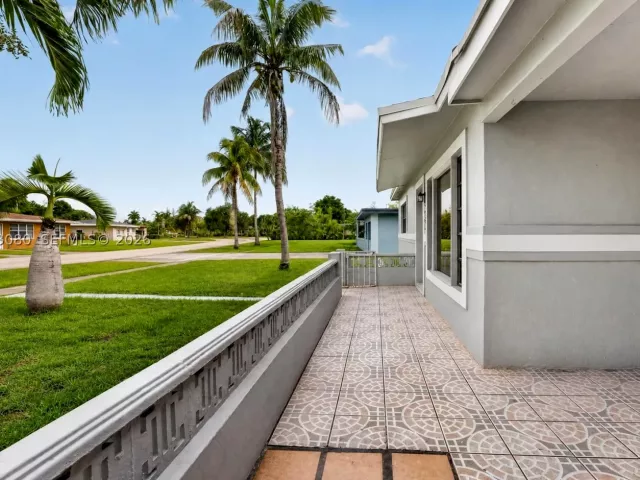 4-bedroom home for rent in Fort Lauderdale - 649 W Evanston Cir - MondialRealty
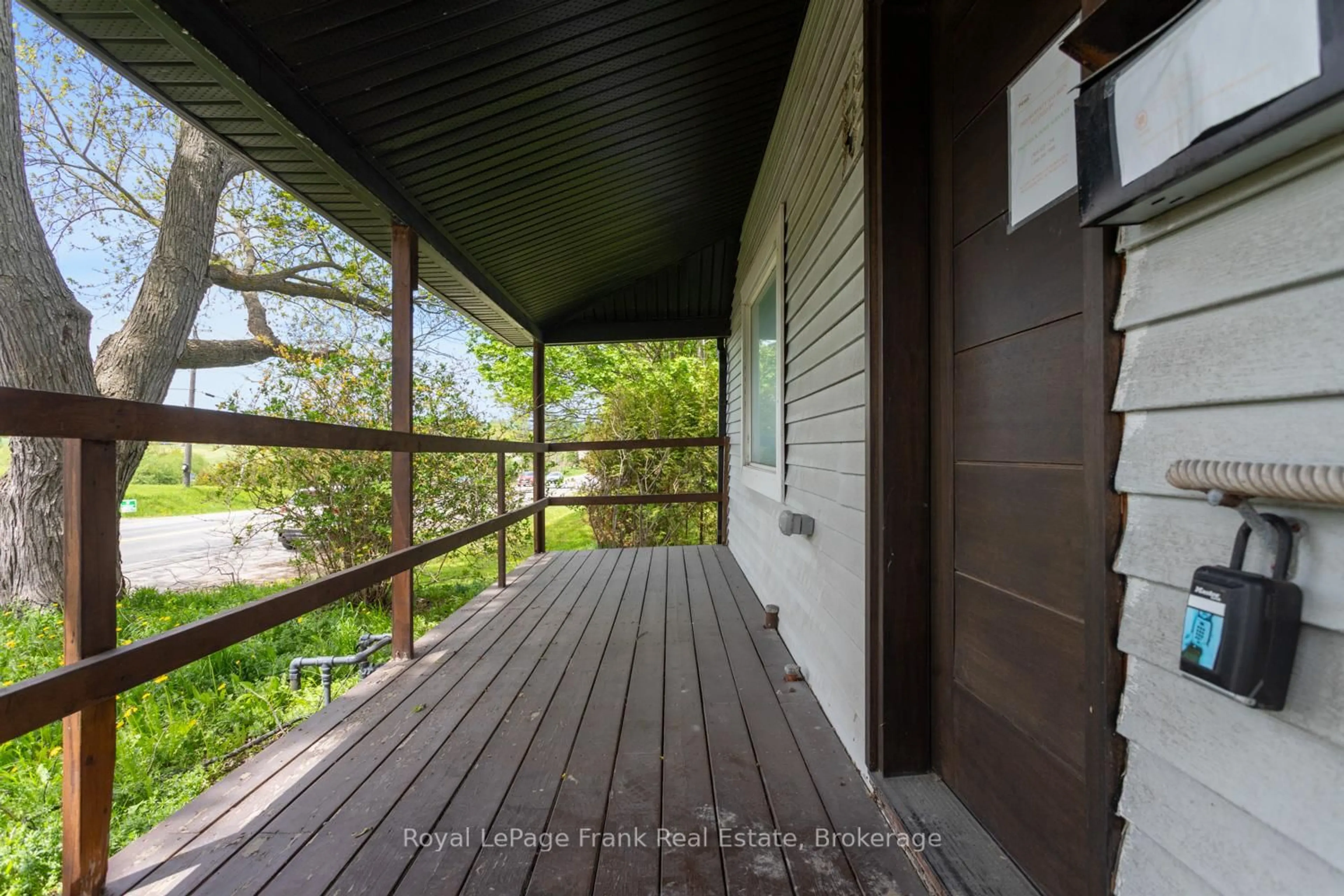 Patio, unknown for 3531 Simcoe St, Oshawa Ontario L1H 7K4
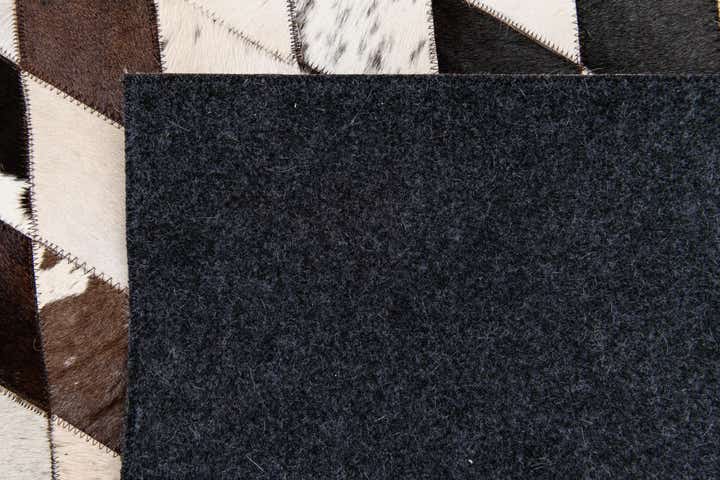 4' 9 x 6' 9 Cowhide Stocks Rug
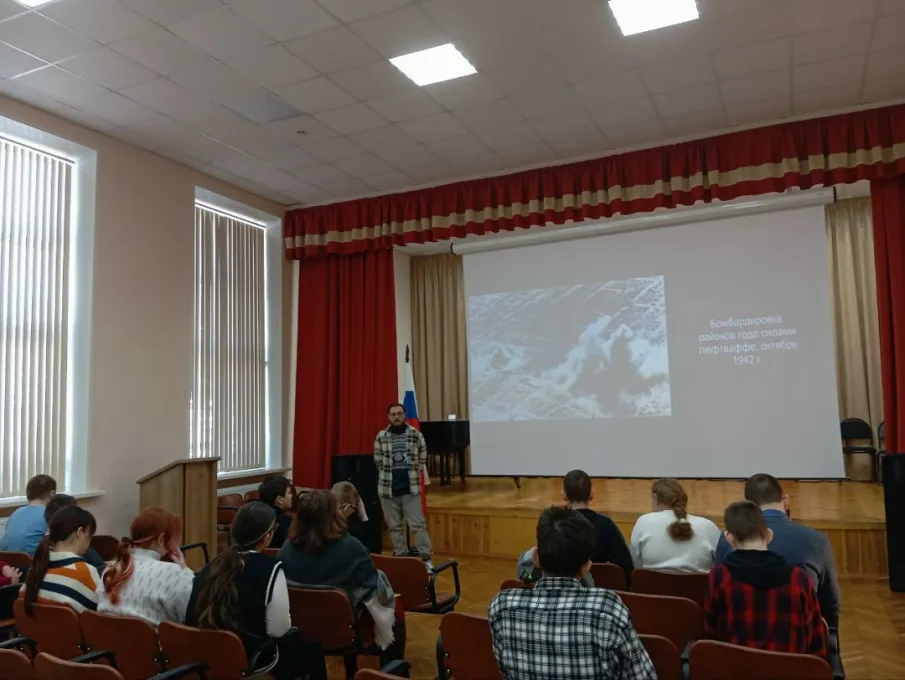 4 Февраля сотрудники библиотеки им.Пискунова провели для учащихся нашей школы патриотический час «Крепость на Волге», посвященный Сталинградской битве.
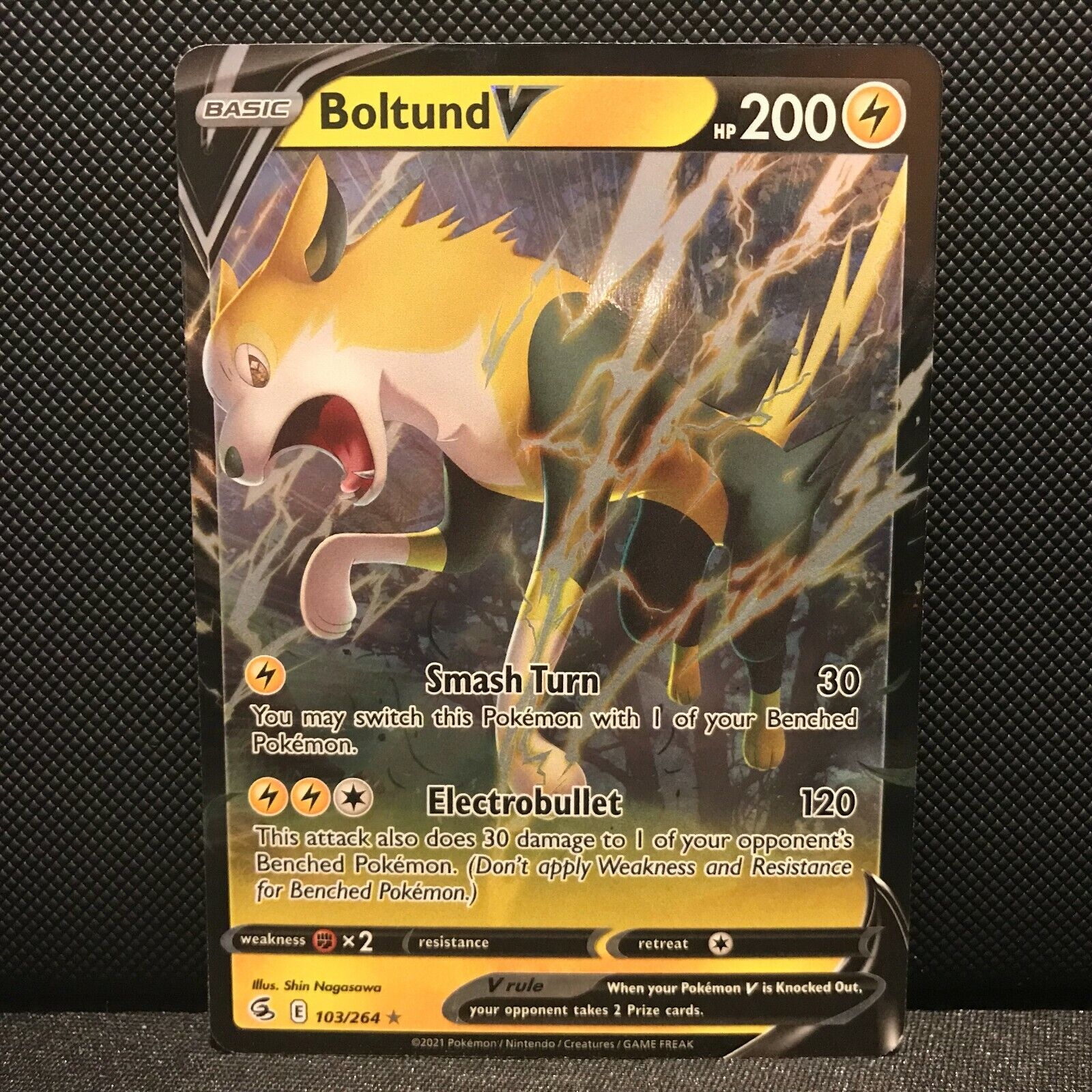 Boltund V 103/264 - Fusion Strike Pokemon Card - NM/Mint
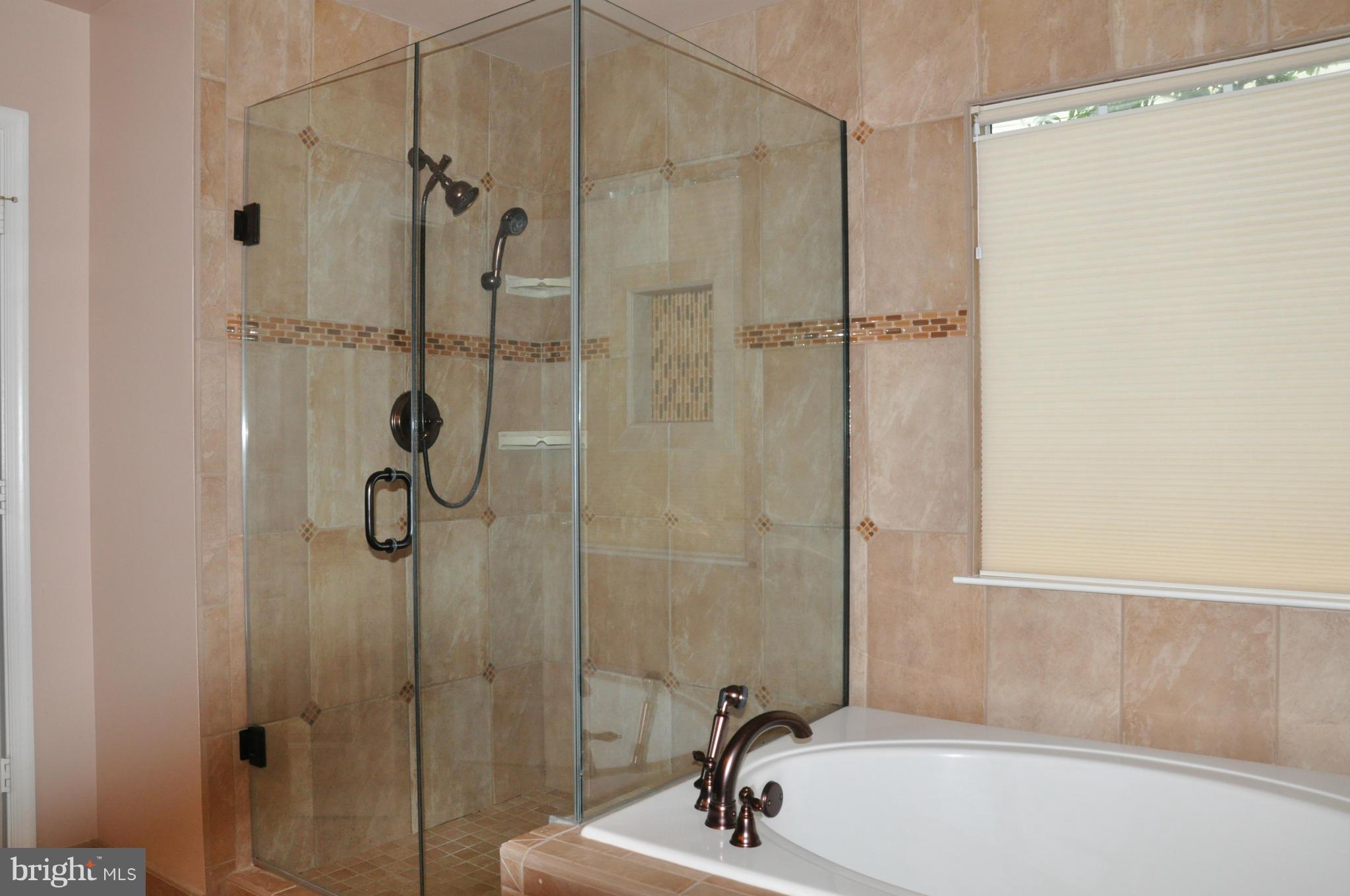 12934 Summit Ridge Terrace Germantown, MD 20874 - Photo 22 of 29 Bath (Master)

-------------------------

▸ **What the task asks**
Starting at the line that holds "4 Февраля сотрудники", retype every line through the end of the data, both ends included. Pictures stay out of the copy.

▸ **Answer below**
 4 Февраля сотрудники библиотеки им.Пискунова провели для учащихся нашей школы патриотический час «Крепость на Волге», посвященный Сталинградской битве.
 Boltund V 103/264 - Fusion Strike Pokemon Card - NM/Mint
 12934 Summit Ridge Terrace Germantown, MD 20874 - Photo 22 of 29 Bath (Master)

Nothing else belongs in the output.